┌────────

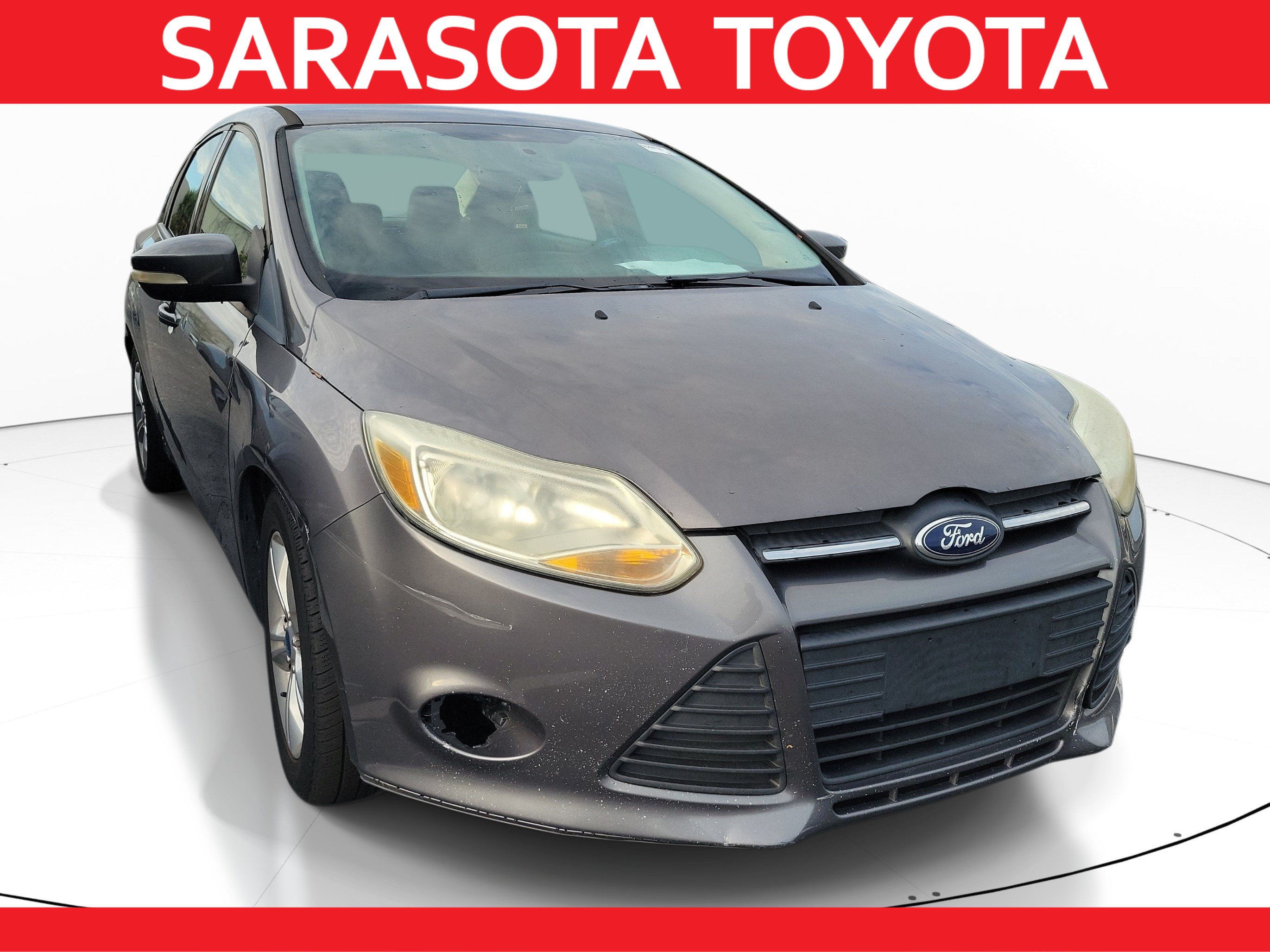 Used 2013 Ford Focus SE FWD image 1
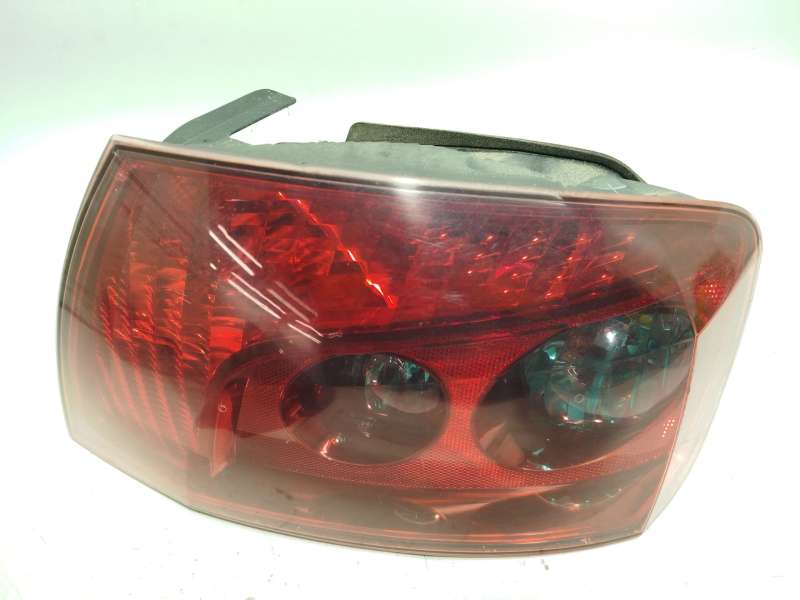 Recambio de piloto trasero derecho para peugeot 407 (6d_) 2.0 hdi 135 (6drhrh, 6drhre, 6drhrg, 6drhrj) referencia OEM IAM 6351FQ - Azul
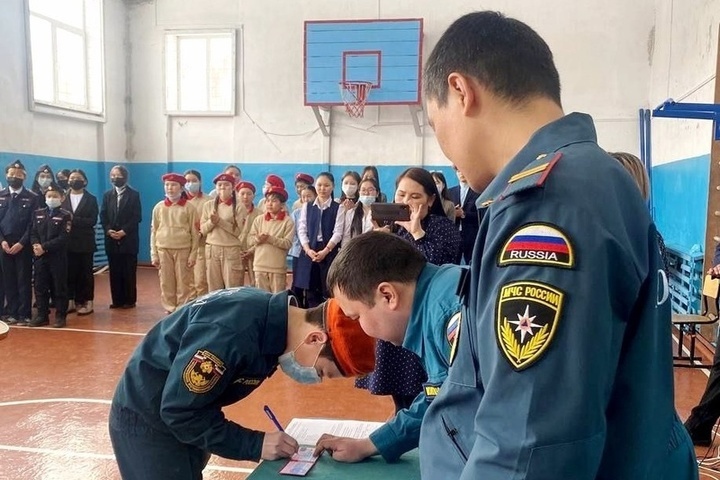 Образования тыва. Иоко Тыва. Жилет школьный тувинский национальный.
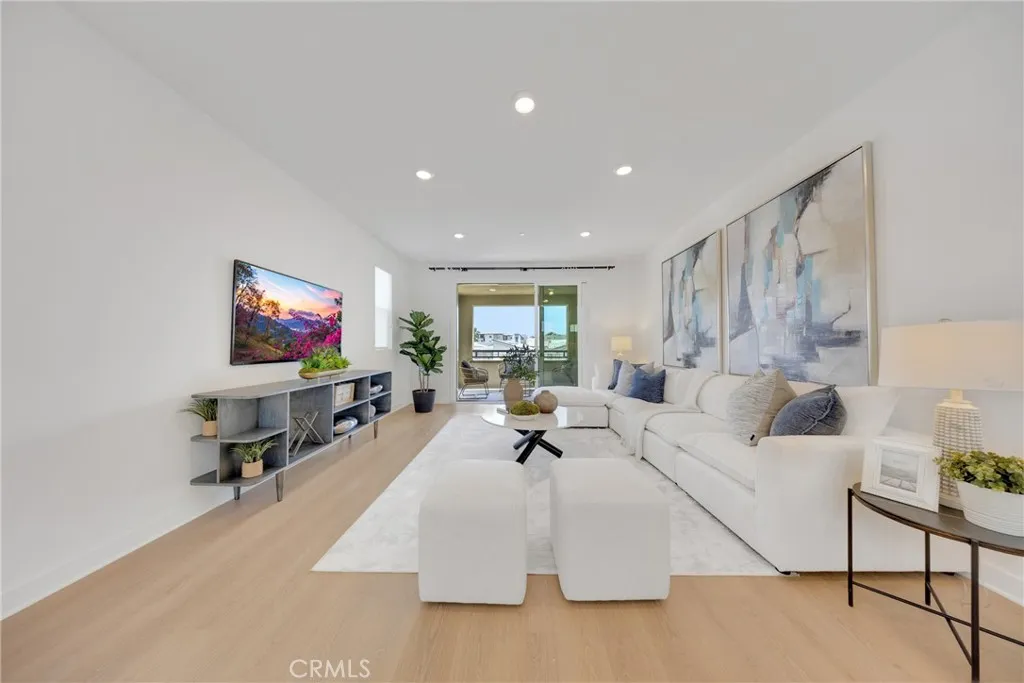 119 Zawn, Irvine, California 92618 home-pic-48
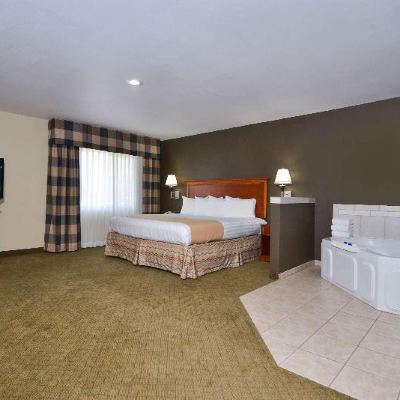 Suite-1 King Bed, Non-Smoking, Whirlpool, Sofa, Microwave and Refrigerator, Wi-Fi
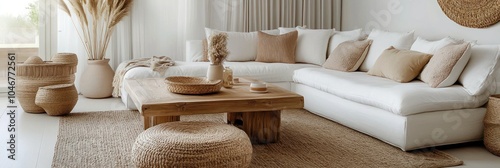 Salon rustique avec un grand canapé blanc, une table basse en bois et un pouf tissé dans un style de décoration intérieure moderne.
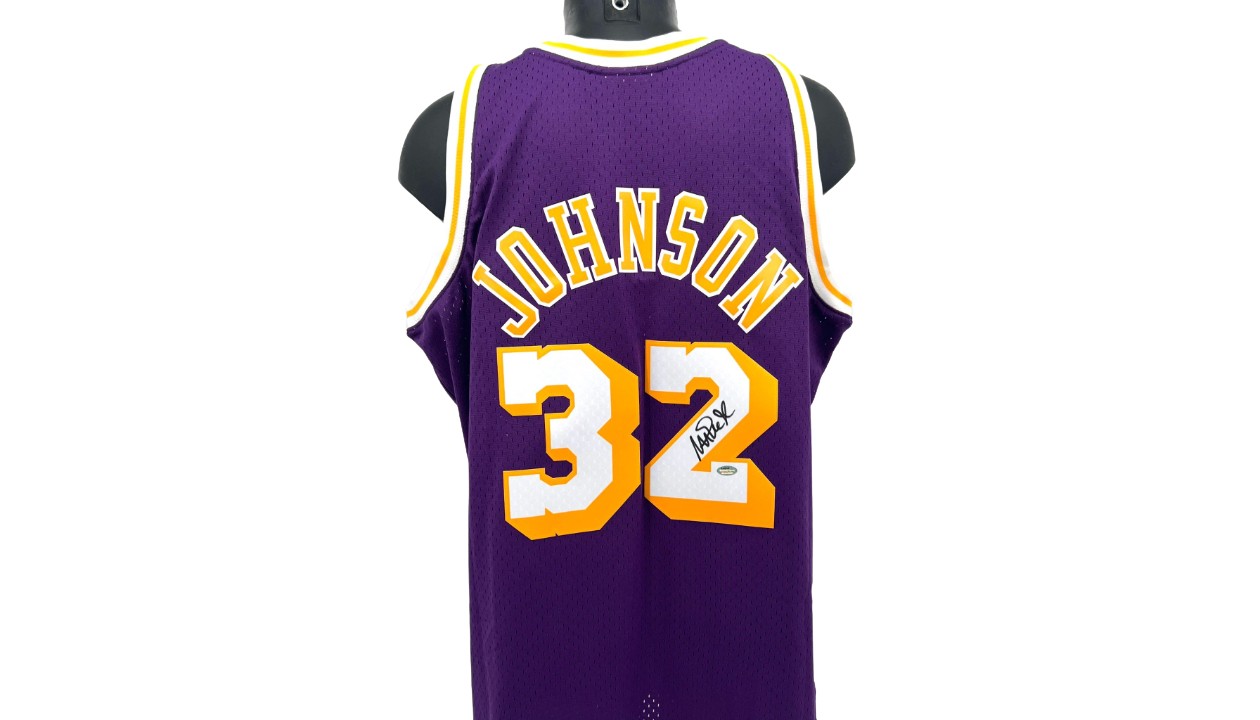 Lids Magic Johnson Los Angeles Lakers Fanatics Authentic Autographed Purple  Mitchell & Ness Swing Man Jersey with Showtime Inscription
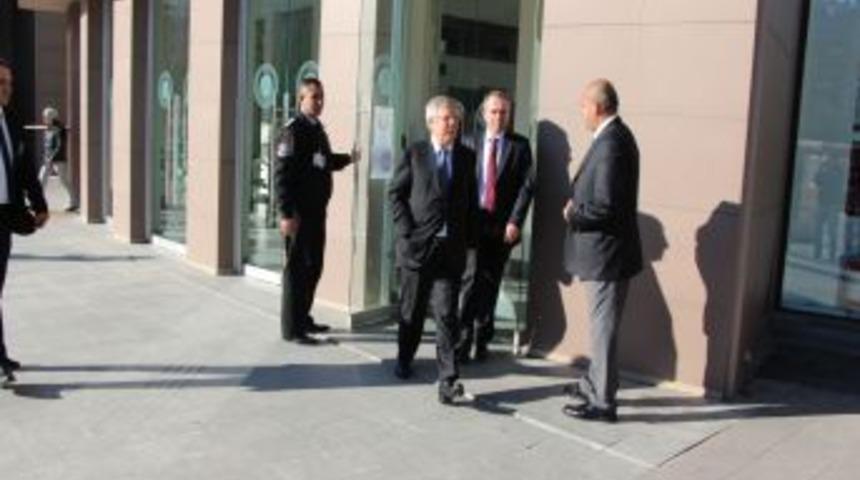 Aziz Yıldırım, Infaz Savcısını Ziyaret Etti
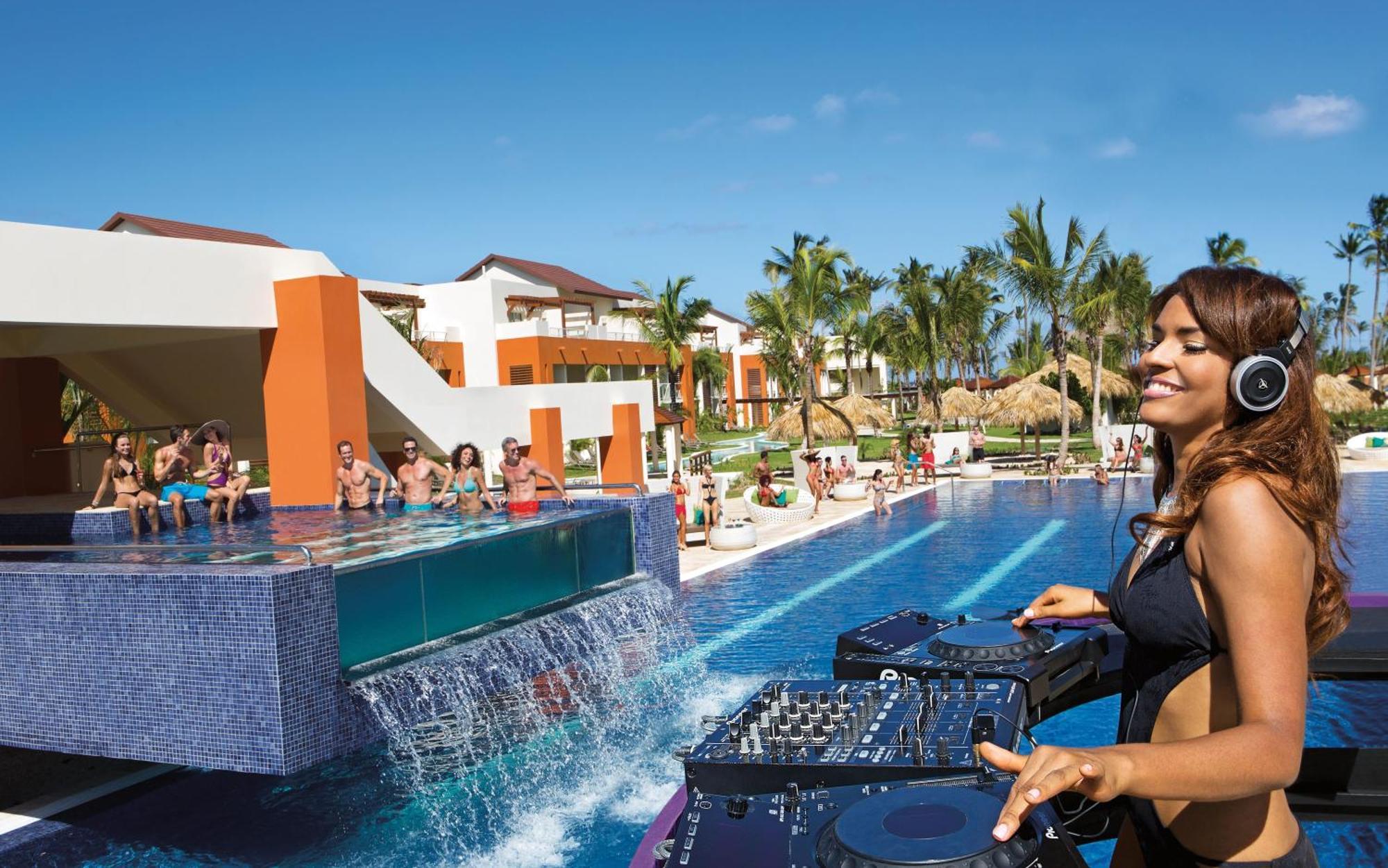 Breathless Punta Cana Resort & Spa (Adults Only) Exterior photo Hard Rock Hotel & Casino Punta Cana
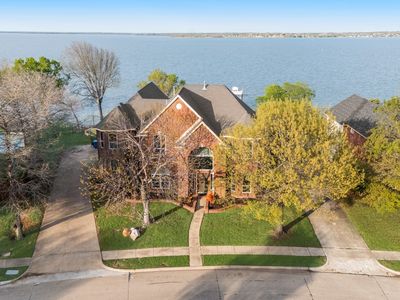 8809 Creekside Dr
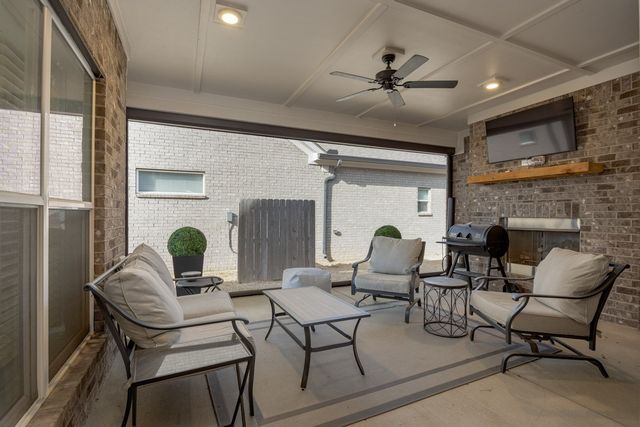 6046 Parkhaven Blvd, Hermitage, TN 37076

└────────

Exercise requirements —
An exact copy of the whole listing is required, minus the pictures.

Answer area —
 Used 2013 Ford Focus SE FWD image 1
 Recambio de piloto trasero derecho para peugeot 407 (6d_) 2.0 hdi 135 (6drhrh, 6drhre, 6drhrg, 6drhrj) referencia OEM IAM 6351FQ - Azul
 Образования тыва. Иоко Тыва. Жилет школьный тувинский национальный.
 119 Zawn, Irvine, California 92618 home-pic-48
 Suite-1 King Bed, Non-Smoking, Whirlpool, Sofa, Microwave and Refrigerator, Wi-Fi
 Salon rustique avec un grand canapé blanc, une table basse en bois et un pouf tissé dans un style de décoration intérieure moderne.
 Lids Magic Johnson Los Angeles Lakers Fanatics Authentic Autographed Purple  Mitchell & Ness Swing Man Jersey with Showtime Inscription
 Aziz Yıldırım, Infaz Savcısını Ziyaret Etti
 Breathless Punta Cana Resort & Spa (Adults Only) Exterior photo Hard Rock Hotel & Casino Punta Cana
 8809 Creekside Dr
 6046 Parkhaven Blvd, Hermitage, TN 37076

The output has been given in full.